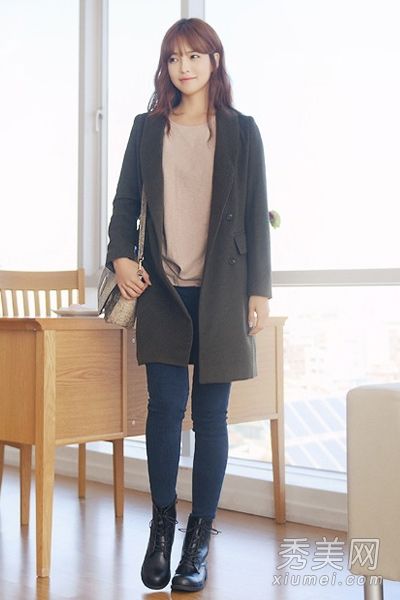 西装式羊毛衫搭配展现干练与帅气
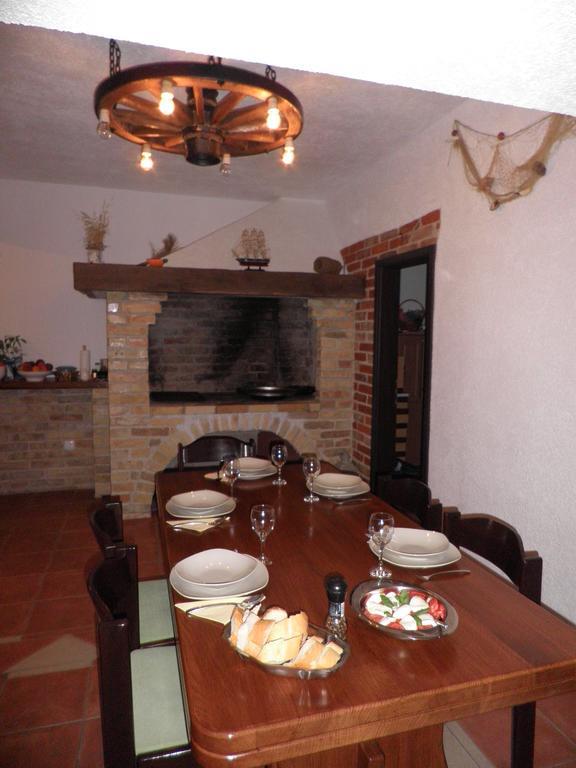 Apartments Miroslav Povljana Bagian luar foto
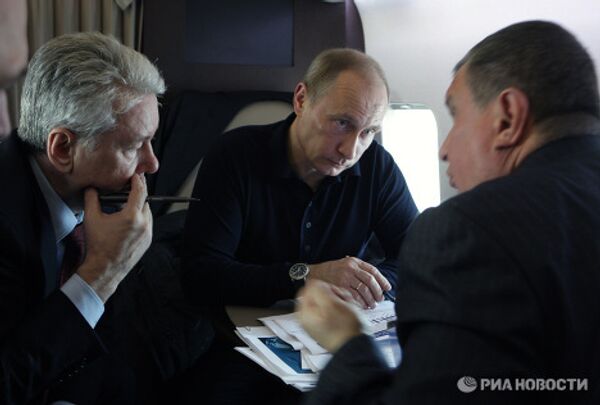 Vladimir Putin tours the Sayano-Shushenskaya hydroelectric power plant - Sputnik International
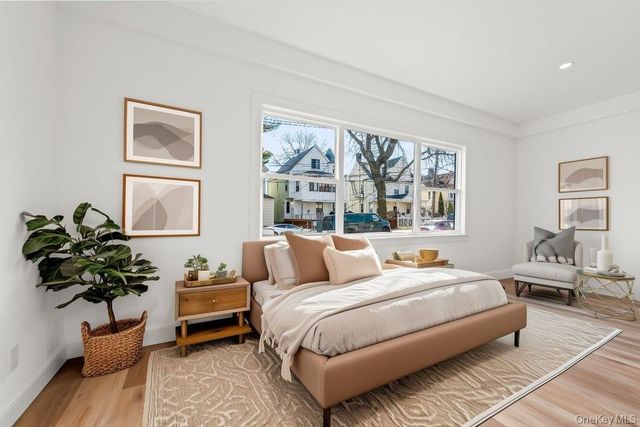 10 S 14th Avenue, Mount Vernon, NY 10550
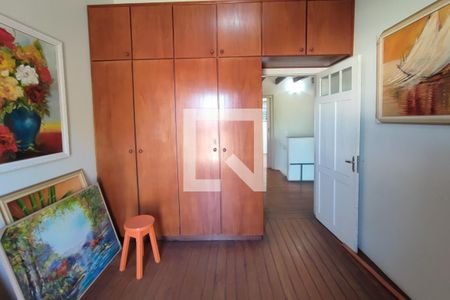 Casa à venda com 198m², 5 quartos e 4 vagas Casa à venda com 198m², 5 quartos e 4 vagasQuarto 3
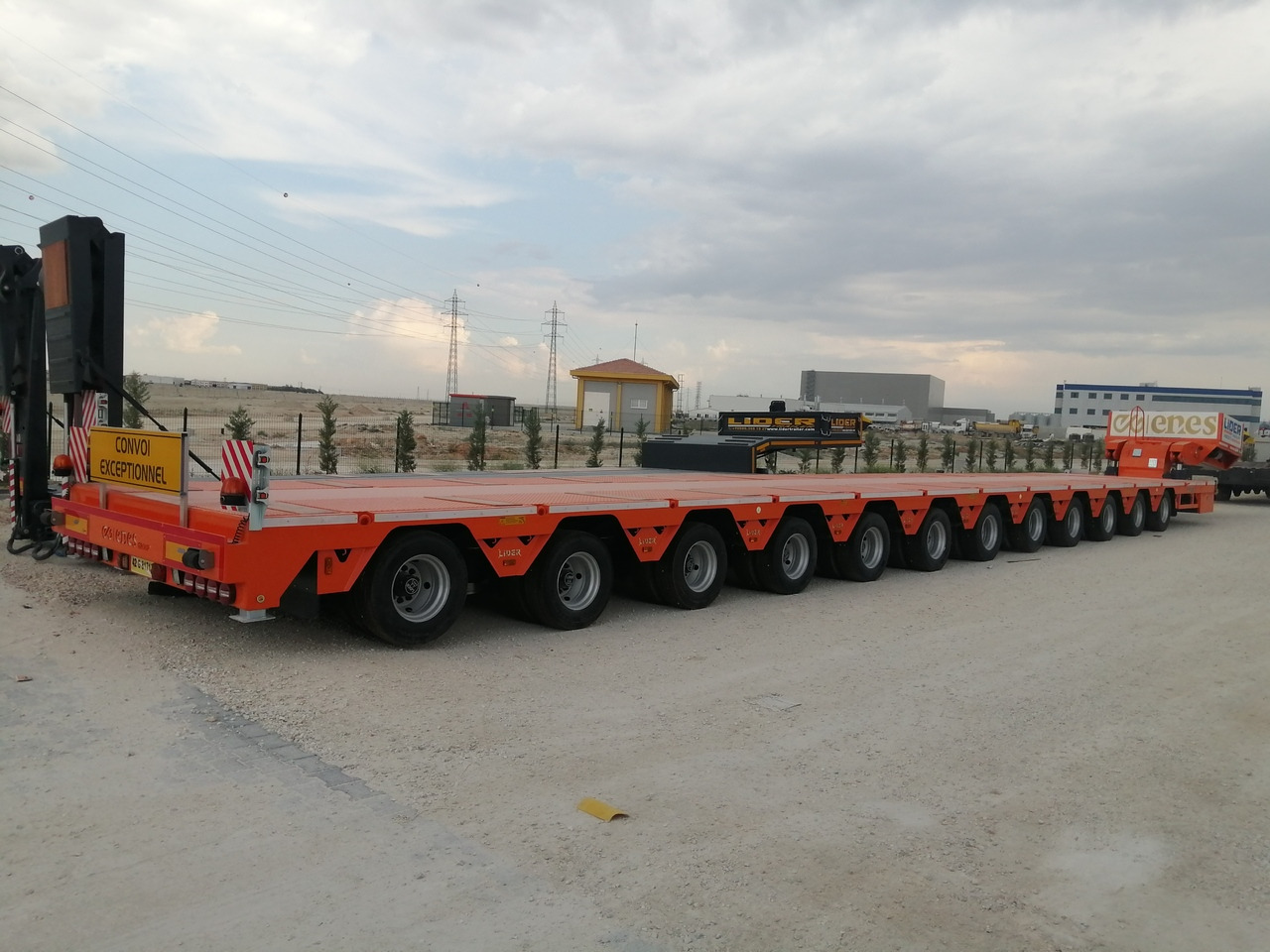 LIDER LIDER NEW 2025 MODEL Lowbed - Semirremolque góndola rebajadas: foto 4 LIDER LIDER NEW 2025 MODEL Lowbed - Semirremolque góndola rebajadas: foto 4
+===+
Extract, word for word, each line from the one that contains "Casa à venda com 198m², 5 quartos e 4 vagas Casa" through the final line of the data above. Leave the pictures out.

_Exercise result_.
 Casa à venda com 198m², 5 quartos e 4 vagas Casa à venda com 198m², 5 quartos e 4 vagasQuarto 3
 LIDER LIDER NEW 2025 MODEL Lowbed - Semirremolque góndola rebajadas: foto 4 LIDER LIDER NEW 2025 MODEL Lowbed - Semirremolque góndola rebajadas: foto 4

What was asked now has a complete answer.